GOP Convention Diary, Day 3: Cruz Control — Then, Trump Tonight

CLEVELAND — Last night in Cleveland was not “one happy family.” All the talk was about one man, and it wasn’t about the nominee, Donald Trump. Ted Cruz, the second-place finisher, was the scene stealer. He was allowed to speak in prime time. But if Trump thought he was going to say nice things about him or, better yet, endorse him, he’d better forget it. It’s never going to happen.

Cruz loves the limelight; he’s a politician. He’s also not one for phony collegial embraces in the name of party unity.

Perhaps Cruz remembered Trump accusing him of having multiple affairs, making ugly remarks about his wife’s appearance and accusing Cruz’s father of being involved in JFK’s assassination. Little things. The two of them are not exactly pals. During the primary season, Cruz called Trump a “pathological liar,” “a bully” and “utterly immoral.” This is not a mutual administration society. Cruz did congratulate Trump for winning the nomination. That was done at the beginning of his remarks. His name was never spoken again.

LeBron James got the first mention. The New York delegation, sitting right smack in front of the podium, chanted, “Say His Name.” Cruz sarcastically said, “I appreciate the enthusiasm of the New York delegation.” That line did not endear Cruz to that group. Trump came into the hall while Cruz was speaking. This was a bit insulting and, I believe, not done by chance.

Alternate D.C. delegate Justin Dillon, a Kasich supporter and in his words “no Trump fan,” was not pleased by the speech.

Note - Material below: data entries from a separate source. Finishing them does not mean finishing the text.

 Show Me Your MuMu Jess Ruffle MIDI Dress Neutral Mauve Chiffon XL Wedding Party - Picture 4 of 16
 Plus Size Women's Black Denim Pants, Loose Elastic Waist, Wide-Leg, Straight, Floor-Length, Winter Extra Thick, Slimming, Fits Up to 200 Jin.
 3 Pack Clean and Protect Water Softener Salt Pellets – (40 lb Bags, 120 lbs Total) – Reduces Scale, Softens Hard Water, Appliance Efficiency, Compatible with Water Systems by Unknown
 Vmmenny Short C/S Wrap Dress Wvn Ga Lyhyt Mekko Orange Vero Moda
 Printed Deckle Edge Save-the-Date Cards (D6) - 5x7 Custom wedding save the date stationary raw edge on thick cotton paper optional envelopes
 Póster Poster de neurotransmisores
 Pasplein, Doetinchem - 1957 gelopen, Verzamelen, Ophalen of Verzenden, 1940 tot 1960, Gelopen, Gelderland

He called Cruz a “profile in cowardice.”

Speaking of D.C., the D.C. delegation issued a statement regarding the “Convention Voting Controversy.” The delegation strongly objected to the convention secretary transferring the votes of all 19 D.C. delegates to Trump on Tuesday evening. The vote should have been 10 votes for Rubio and nine votes for Kasich. The statement said that the D.C. delegation immediately and loudly objected, “but those objections were ignored.” Eleven of the 19 D.C. delegates signed the statement.

Delegate Chip Nottingham said all 19 delegates were contacted and asked to sign.

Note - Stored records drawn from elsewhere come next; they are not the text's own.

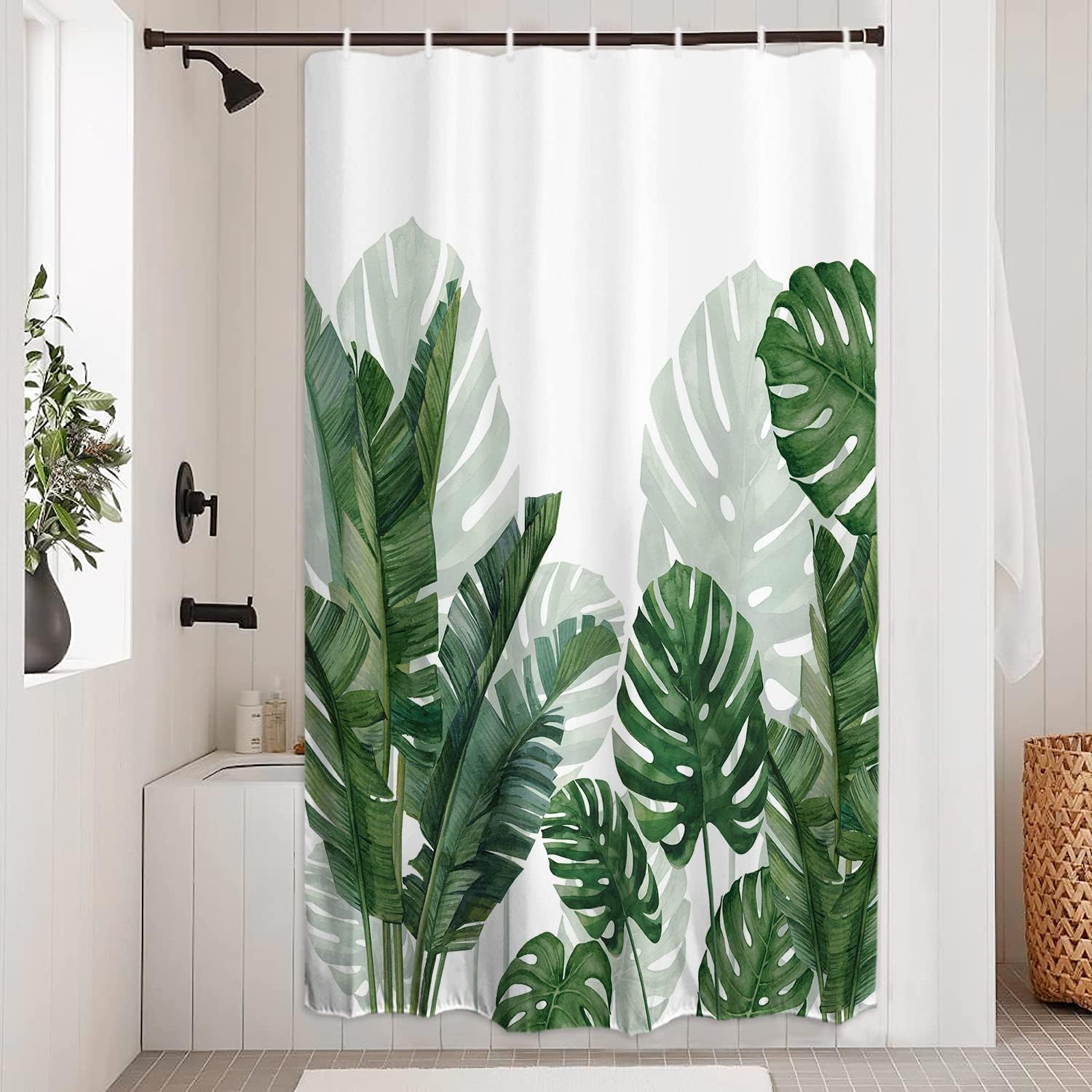 Baccessor Tropical Green Plant Shower Curtain Waterproof Washable Fabric Summer Bathroom Decor Botanical Banana Monstera Leaf Pa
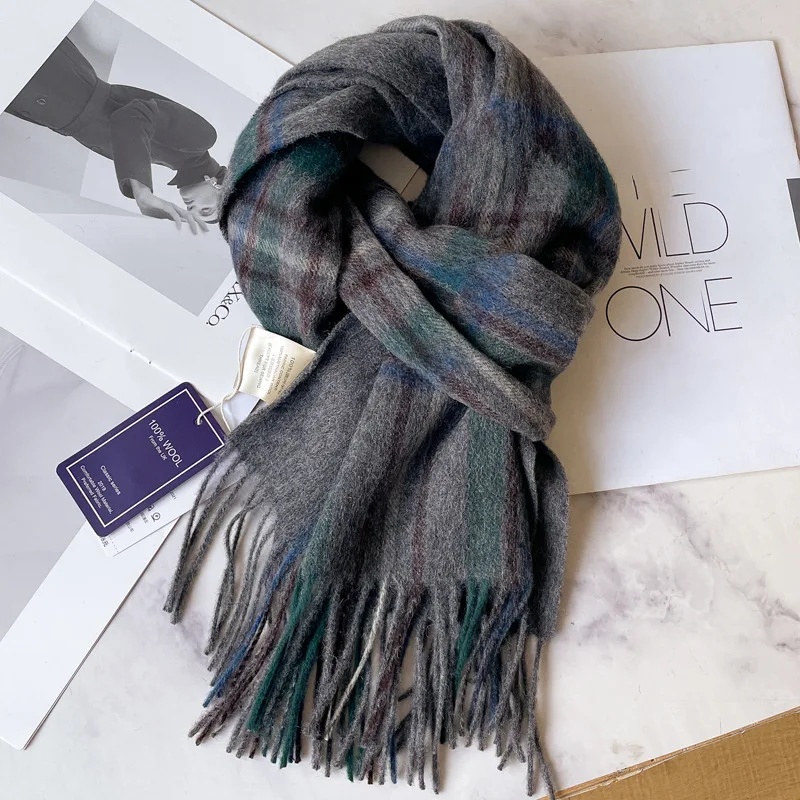 Ullskjerf for menn vinter dypblå rutete ullhalsvarmer luksus for kjæreste, pappa og eldre: Lysebrun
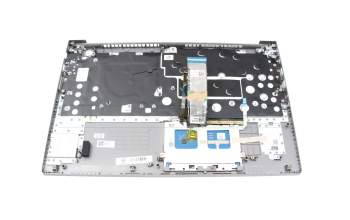 Clavier incl. topcase DE (allemand) gris/gris avec rétro-éclairage original pour Lenovo ThinkBook 15 G2 ARE (20VG)
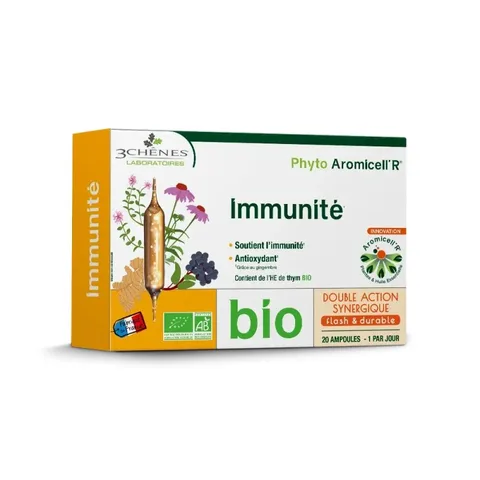 3 CHENES Phyto aromcell'r Immunité Bio 20 Ampoules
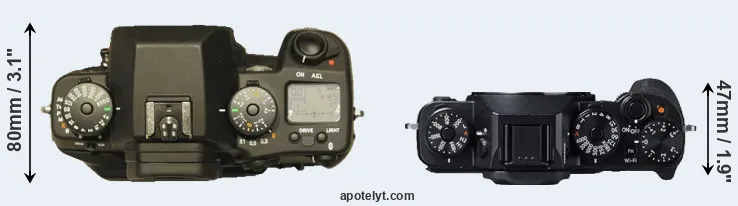 Compare N Digital versus X-T1 top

Allow me a few more comments on last night’s proceedings before moving on. Radio host Laura Ingraham was beloved by the crowd. I found her to be snarky and snide. There are no boundaries with her, and she relishes being her astringent and antagonistic self. She also has a distinct deficiency with historic references. Commenting this time, she said, “our long nightmare is over.” This is not a fresh new line. Gerald Ford said it after Richard Nixon resigned in disgrace.

Vice-presidential nominee Mike Pence made a very good first impression. His self-deprecating humor, speaking style and personality is Midwestern nice. He is truly likable and a definite antidote to the top of the ticket.

This morning, the D.C. delegation was treated to Omarosa Manigault. You might remember her from Trump’s TV show, “The Apprentice.” She got fired three different times. She was attractive in every way, extraordinarily poised and happily self-confident. She is the African American outreach director for Trump. She hugs everybody. She confessed that she was told “not to hug” when she worked the California delegation. Omarosa calls Trump “DT” and says she “got to know his heart.” She strongly feels the Democrats “have taken our vote for granted.” The barber shops, beauty shops and churches are where the ex-Democrat is going to get new recruits. The ordained preacher was a “huge” hit. Nearly everybody crowded around her and insisted on selfies.

Tonight, it’s Donald Trump’s night. He will love it. Let’s see if he can score.